Dataset excerpt:

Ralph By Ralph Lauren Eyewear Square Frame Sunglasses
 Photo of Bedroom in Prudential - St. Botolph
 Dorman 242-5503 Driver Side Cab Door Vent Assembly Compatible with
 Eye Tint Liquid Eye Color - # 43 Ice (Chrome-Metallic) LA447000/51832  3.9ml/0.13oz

Assignment: Beginning at the line that contains "Dorman 242-5503 Driver", transcribe every line through the end of the material exactly, leaving out all earlier lines.

Exercise result:
 Dorman 242-5503 Driver Side Cab Door Vent Assembly Compatible with
 Eye Tint Liquid Eye Color - # 43 Ice (Chrome-Metallic) LA447000/51832  3.9ml/0.13oz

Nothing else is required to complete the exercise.